More false equivalence in the Robocalls scandal

Steve Maher and Glen McGregor, the two Ottawa reporters who broke the Robocall scandal, have a long story in yesterday’s Ottawa Citizen that warrants a close read.

The story leads with an account of Liberal robocalls in the Guelph riding on the eve of the May 2, 2011, federal election—calls that expressed dismay at CPC candidate Marty Burke’s opposition to abortion “in all circumstances.”

In a glaring escalation of false equivalence, Maher and McGregor say “revelations” about the automated calls “are giving the Conservatives a new line of defence against allegations of vote suppression and further muddying the events leading up to the federal election in Guelph.”

The Liberal calls did break an Elections Canada rule by failing to identify the candidate whose campaign team produced them. Many people, myself included, dislike receiving automated phone pitches from politicians or anyone else, but such calls are a legal and widespread feature of recent elections. I received some from my friend Ian McNeil’s campaign in the last Nova Scotia election, and for the last two weeks, I’ve been inundated with robocalls from NDP leadership candidates.

Some may criticize as negative calls that attack a rival candidate’s position on abortion, but there is nothing illegal or unusual about highlighting aspects of an opponent’s platform that another candidate thinks may prove unpopular with voters.

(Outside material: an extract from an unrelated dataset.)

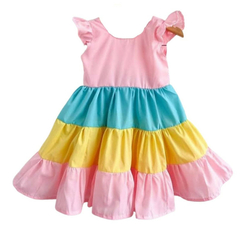 Vestido infantil 3 marias color candy na internet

On the contrary, doing so is a common feature of political campaigns.

To equate this with a concerted campaign to prevent supporters of opposing candidates from voting, by impersonating Elections Canada officials and misdirecting them to bogus, faraway polling stations, is risible. Yes, I realize, Maher and McGregor stop a half-step from asserting that equivalence themselves, but in its tone and copious detail, the piece takes a “Liberals did it too” approach. The headline (for which reporters are not responsible) reads: “Robocalls: Liberals, Tories used hardball tactics in Guelph, Ontario.”

This follows the widespread fasle equation of the Robocalls scandal with the Vikileaks revelations. As if revealing a cabinet minister’s hypocrisy (something the press gallery failed to do) is equivalent to organized efforts to deprive citizens of their vote.

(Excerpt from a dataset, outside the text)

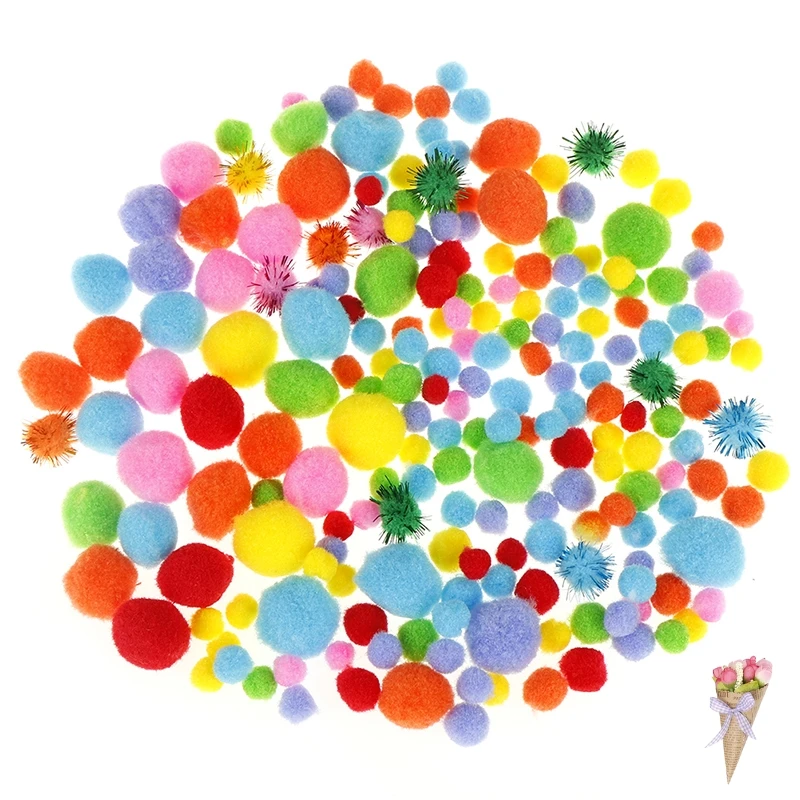 Ball Children's Manual Educational Toys for Kids Early Educational Multicolor Stuffed DIY Decoration Pompoms toy
Ball Children's Manual Educational Toys for Kids Early Educational Multicolor Stuffed DIY Decoration Pompoms toy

Buried deep in the Maher-McGregor story — really deep, starting at the 21st paragraph — is some impressive reporting on the mechanics of the Robocall scam, based apparently on telephone records. In my view, this stuff should have been the story’s lead.

That it was not perhaps reflects the predilections of the Citizen’s managing editor, Andrew Potter, who, in an extraordinary breach of traditional newspaper church-state separation, took to the Citizen’s op-ed page yesterday to dismiss “hand-wringing” about the robocall flap as so much “hysterias of the pundits.” After all, writes Potter, things are even worse in Russia.

Isn’t that a great standard by which to judge Canadian election fairness, or editorial policy for that matter? (Potter’s dismissal of the latest Harper scandal is cloaked in much solemn chin-stroking about why good people sometimes do bad things.)

One other nugget in the Maher-McGregor story caught my eye. Not surprisingly, officials of Burke’s  campaign were upset when calls attacking his extreme anti-abortion views began three days before the vote. As the Citizen story reports:

Later that afternoon, Burke’s deputy campaign manager, Andrew Prescott, took to Twitter to denounce what he said was a “vote suppression” effort aimed at his candidate.

“Anti-#CPC voter suppression phone calls currently underway in Guelph, suspecting #LPC” — the Liberal Party of Canada — he tweeted at 5:22 p.m.

The Liberal calls may or may not be objectionable, and they did break Elections Canada rules, but they are not in any sense voter suppression calls. So why did that phrase spring to the fingertips of a senior Conservative Party campaign official? Is it just possible the Conservative camp had voter suppression phone calls on its mind?

For the record, Prescott has has consistently denied playing any role in the illegal robocalls being investigated by Elections Canada. He declined to speak with Maher and McGregor about the tweets he sent on the Saturday before the election.

Just hours after Prescott’s tweets, as Maher and MacGregor detail in their story, the first of several calls from a pre-paid Virgin Mobile phone somewhere in Guelph, to an Edmonton-based automated calling company, laid the groundwork for the illegal robocalls that targeted Liberal and NDP supporters on election day. Calls that really were designed to fraudulently suppress non-Conservative votes.